Earlier studies indicate that large foreign firms typically are controlled by large shareholders, mostly families. The controlling-shareholder does not always have incentives to increase the value of the firm's equity capitalization and therefore can impose costs on the other shareholders. Instead, the controlling-shareholder might find it more advantageous to obtain private benefits from control, such as appointing family members to managerial positions when outsiders could do better, entering advantageous deals with other corporations he owns, or making investments of dubious value. The authors' study suggests that cross-listed firms are firms where the costs imposed on minority shareholders by controlling shareholders are low compared to other firms. Controlling shareholders who impose low costs on minority shareholders have the most to gain and the least to lose by listing in the United States: they have lower private benefits from control to protect and greater growth opportunities via improved access to capital markets. Firms where controlling shareholders impose high costs on minority shareholders evidently see a U.S. listing as a threat to the private benefits accruing to those private controlling shareholders.
In other words, a U.S. listing probably decreases the controlling shareholders' ability to extract private benefits from control. But this is not an issue for controlling shareholders of firms whose interests are already sufficiently aligned with those of minority shareholders. In addition, a U.S. listing presumably reduces a firm's cost of outside finance because of the controlling shareholders' compliance with the greater disclosure required by U.S. regulations and the greater protection afforded investors in the United States.
Doidge, Karolyi, and Stulz gather data on the value of foreign firms from Worldscope, an online information service of the Primark division of the Thomson Financial Group. This data is then linked to national rankings established in various studies in terms of investor protection, capital market accessibility, accounting standards, and aggregate market liquidity. Using information from 1997 and focusing on companies with assets of at least $100 million, the authors build a database of nearly 5,000 firms from 40 countries. Of these firms, 714 were cross-listed in the United States.

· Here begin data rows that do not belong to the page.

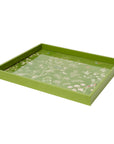 Chinoiserie Tray Green 16x14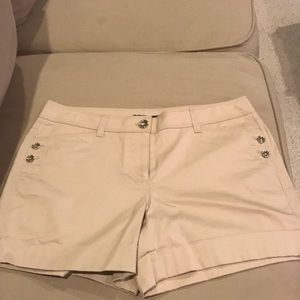 White House Black Market khaki shorts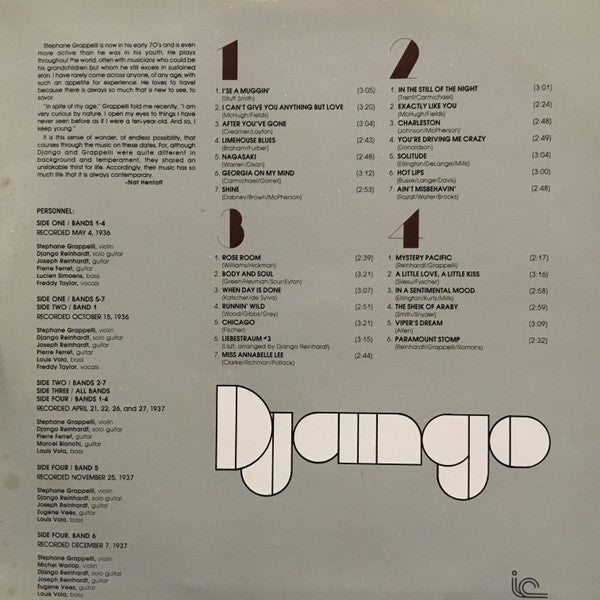 The Quintet Of The Hot Club Of France (1936-1937) Django Volume 1 - secondary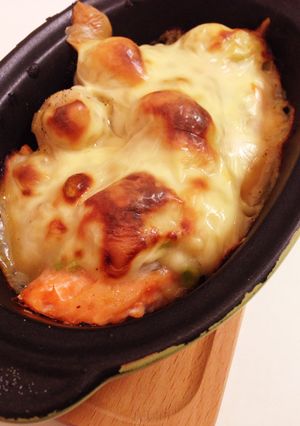 鮭と里芋のねぎ味噌チーズ焼き-レシピのメイン写真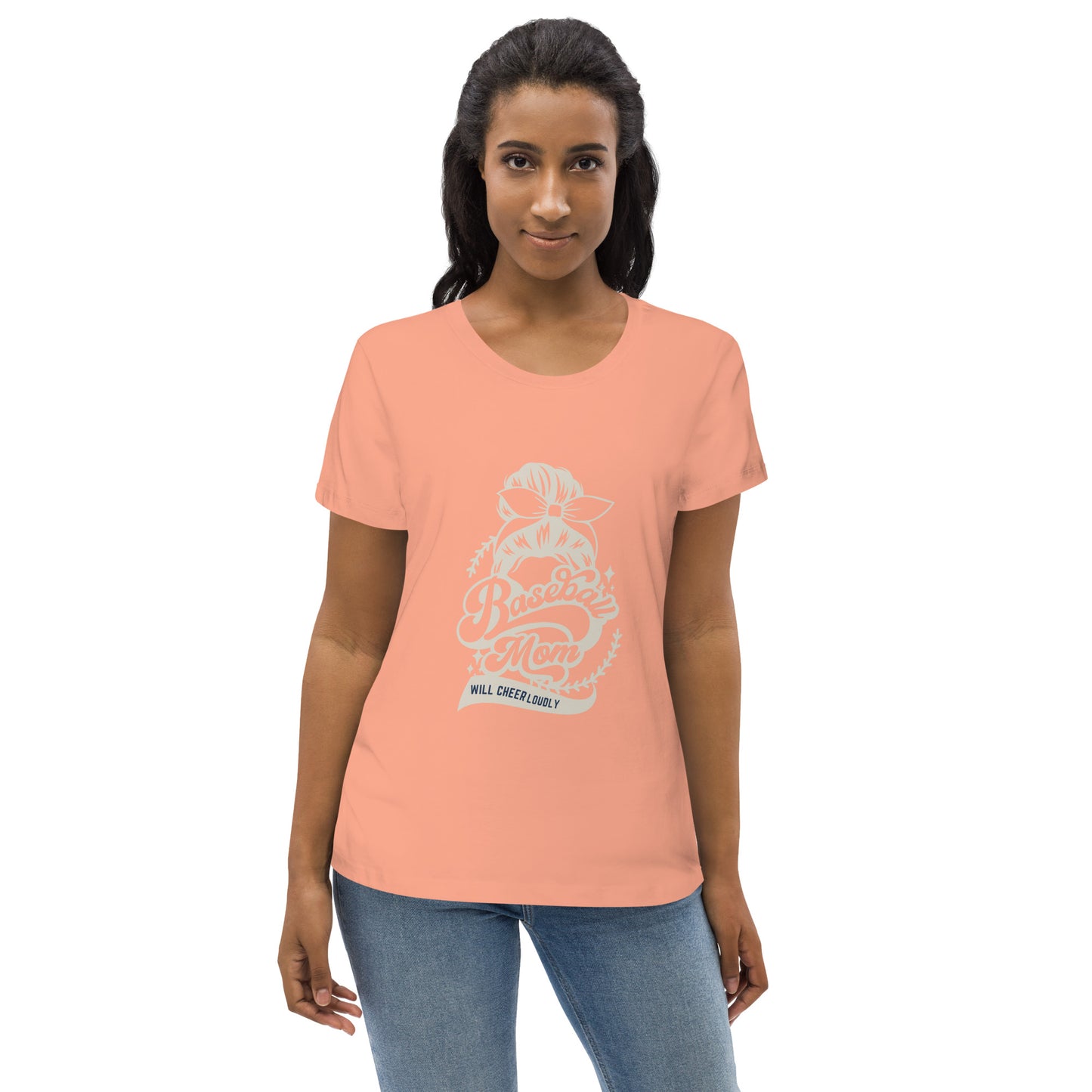 Baseball Mom - mom/mother baseball - Women's fitted eco tee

The authors then confirm that firms with high growth opportunities are those in which the controlling shareholders have incentives to limit extraction of private benefits from their control. More of the cash flows of these firms accrues to the providers of capital, so that growth opportunities are valued more highly for such firms. Further, these firms find a U.S. listing advantageous because it opens up broader capital markets and helps them to convince outsiders that their controlling shareholders' consumption of private benefits from control is limited. The increased valuation of growth opportunities for these firms should be even greater, the authors add, if they are located in countries with poorer protection rights, where controlling shareholders could expropriate more.
Moreover, the run-up in a stock's price that customarily precedes a U.S. listing is further evidence in support of the authors' theory. Such a run-up, they point out, is consistent with firms acquiring growth opportunities and with controlling shareholders committing to imposing fewer costs on minority shareholders before the listing. Finally, one would expect private benefits from control to be more constrained in those firms that raise capital publicly through an exchange listing, because the U.S. listing has the strongest effect on improving protection of minority shareholders.
Next the authors address the concern that their results might be sensitive to the particular year they chose to examine. To this end, they reconstruct their entire database for 1995, applying the same criteria and data sources. The number of firms available for examination is slightly smaller here than it was in the 1997 study. Despite this, the new computation results in markedly similar findings for 1995 and 1997.
Doige, Karolyi, and Stulz acknowledge that their study leaves some issues unresolved. For example, questions remain about self-selection; that is, firms may cross-list chiefly because they have performed well. The authors attempt to control for self-selection, but they allow that their study still might omit significant variables. In any event, they say, while the hypothesis that firms list after having done well can explain why cross-listed firms are worth more, it cannot explain why the cross-listing premium is related to investor protection in an individual firm's country. Yet another issue worthy of additional study is the proposition that the greater valuation of cross-listed companies might simply reflect the overall U.S. bull market of the 1990s. But the authors believe that the evidence nonetheless reveals an authentic premium accrues from cross-listing.